▶ **WHAT THE TASK REQUIRES**
Would you write out the listing verbatim and skip every picture in it?

== DATA SHOWN

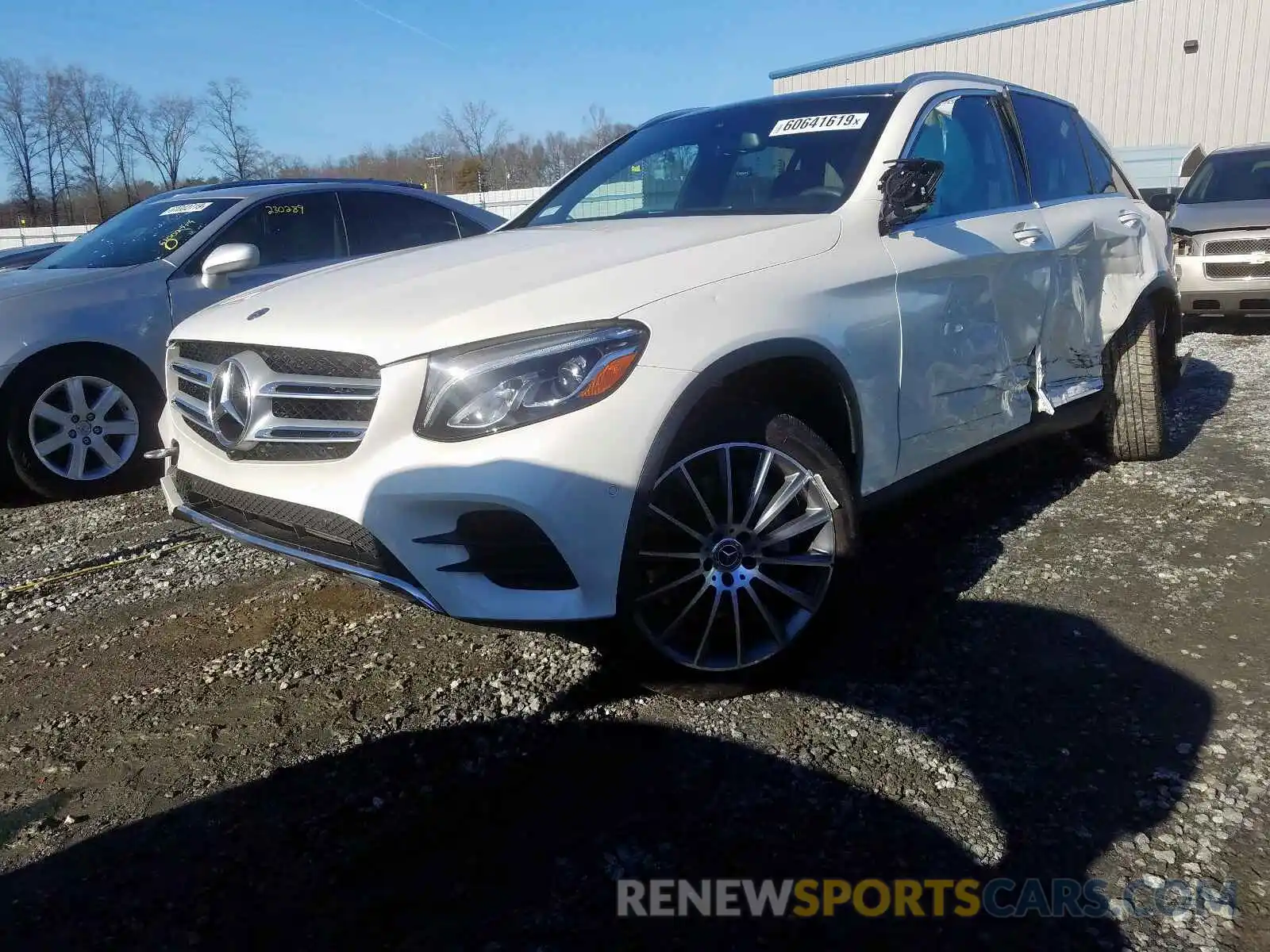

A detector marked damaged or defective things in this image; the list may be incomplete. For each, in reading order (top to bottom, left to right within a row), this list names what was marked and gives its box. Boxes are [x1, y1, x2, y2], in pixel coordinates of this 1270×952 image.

damaged white suv side panel [159, 72, 1178, 685]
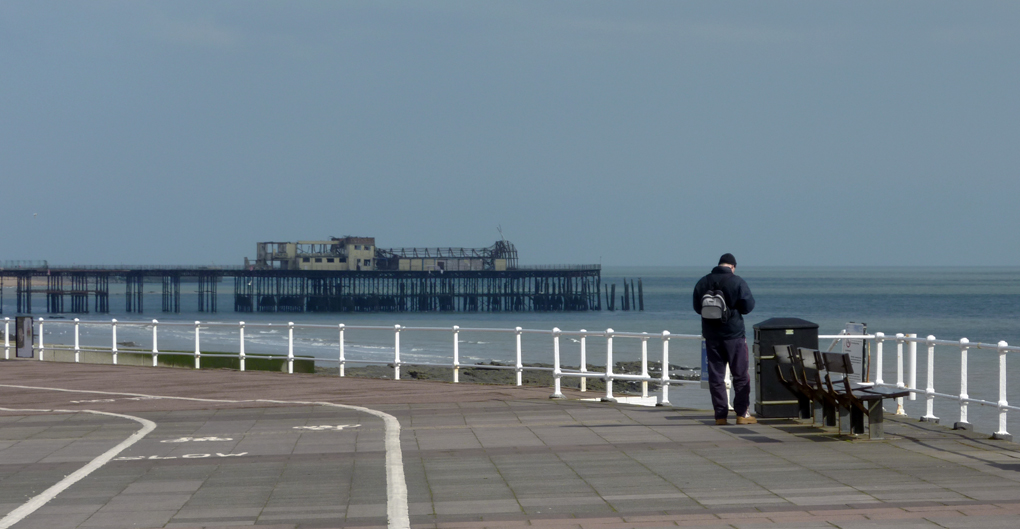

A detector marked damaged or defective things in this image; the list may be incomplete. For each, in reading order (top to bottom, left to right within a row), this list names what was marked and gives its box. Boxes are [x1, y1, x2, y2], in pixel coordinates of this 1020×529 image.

rusted pier structure [0, 266, 600, 312]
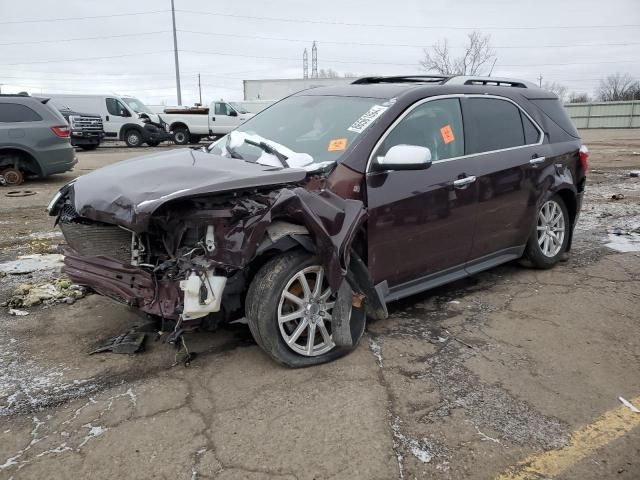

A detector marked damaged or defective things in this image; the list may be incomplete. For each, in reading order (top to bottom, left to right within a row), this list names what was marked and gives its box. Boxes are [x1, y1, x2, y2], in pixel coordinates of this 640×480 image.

crumpled hood [70, 150, 308, 232]
damaged front end [50, 176, 372, 348]
cracked pavement [0, 129, 636, 478]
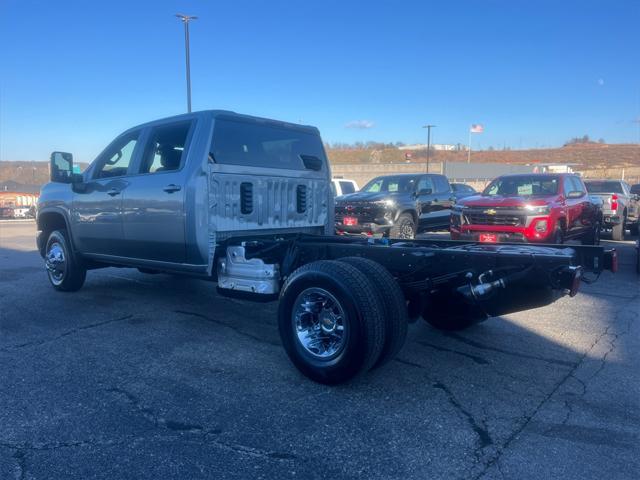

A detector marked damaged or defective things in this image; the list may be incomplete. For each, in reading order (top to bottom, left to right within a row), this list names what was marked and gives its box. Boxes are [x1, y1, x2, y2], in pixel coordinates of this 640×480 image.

exposed truck frame [37, 109, 616, 386]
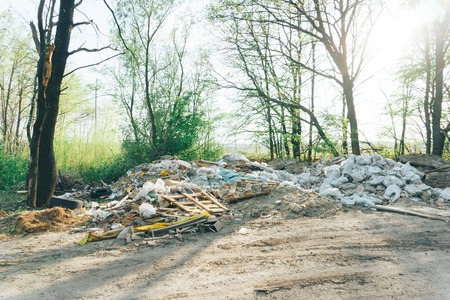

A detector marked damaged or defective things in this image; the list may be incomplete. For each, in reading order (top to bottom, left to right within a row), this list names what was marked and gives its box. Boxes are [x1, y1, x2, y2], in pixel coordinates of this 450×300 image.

broken wooden pallet [160, 191, 229, 214]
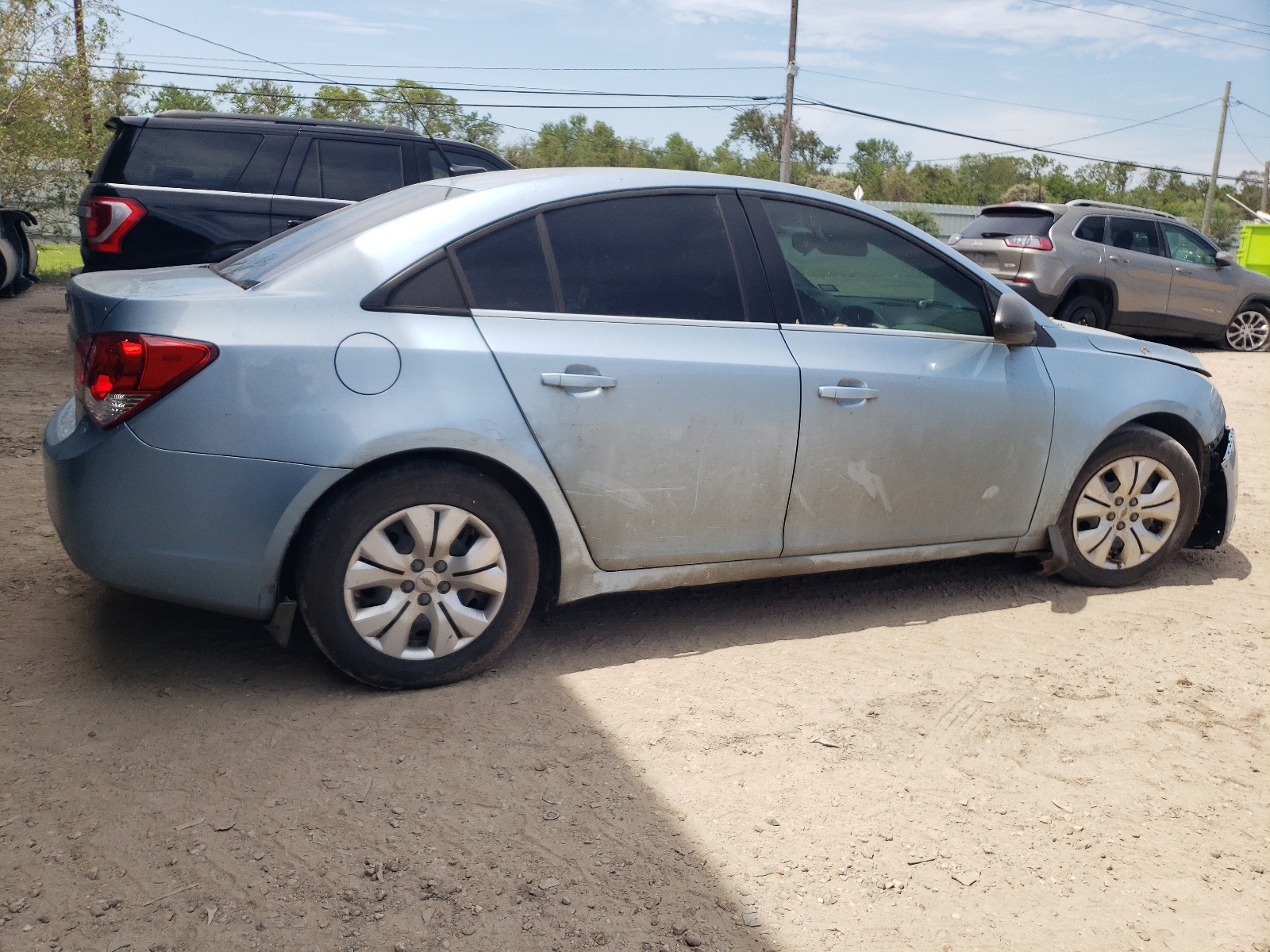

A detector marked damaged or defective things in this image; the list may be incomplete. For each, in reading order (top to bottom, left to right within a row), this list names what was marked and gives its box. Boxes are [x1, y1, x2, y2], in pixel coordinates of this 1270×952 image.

====

▶ **ANSWER BELOW**
A detector marked damaged or defective things in this image; the list may be incomplete. For each, in reading order (top to bottom, left to right within a row), this list names what was marked and gives its box. Boxes are [x1, y1, x2, y2], in pixel coordinates of this 1270×952 image.

damaged white suv side panel [159, 72, 1178, 685]

A detector marked damaged or defective things in this image; the list may be incomplete. For each, in reading order (top to bottom, left to right within a row), this list names what was marked and gives its box. Boxes are [x1, y1, x2, y2], in pixel coordinates of this 1020×529 image.

rusted pier structure [0, 266, 600, 312]

A detector marked damaged or defective things in this image; the list may be incomplete. For each, in reading order (top to bottom, left to right within a row), this list names what was marked and gives its box. Boxes are [x1, y1, x2, y2], in pixel coordinates of this 640×480 image.

crumpled hood [70, 150, 308, 232]
damaged front end [50, 176, 372, 348]
cracked pavement [0, 129, 636, 478]

A detector marked damaged or defective things in this image; the list may be incomplete. For each, in reading order (top to bottom, left to right within a row), this list names what was marked and gives its box. Boxes are [x1, y1, x2, y2], in pixel coordinates of this 640×480 image.

exposed truck frame [37, 109, 616, 386]

A detector marked damaged or defective things in this image; the list may be incomplete. For each, in reading order (top to bottom, left to right within a row), this list names what was marked and gives its box. Boxes are [x1, y1, x2, y2], in pixel coordinates of this 450×300 image.

broken wooden pallet [160, 191, 229, 214]

A detector marked damaged or defective things in this image; the list may be incomplete. For each, in reading order (top to bottom, left to right within a row), this list names what was marked and gives its box. Boxes are [x1, y1, x2, y2], in pixel coordinates of this 1270×952 image.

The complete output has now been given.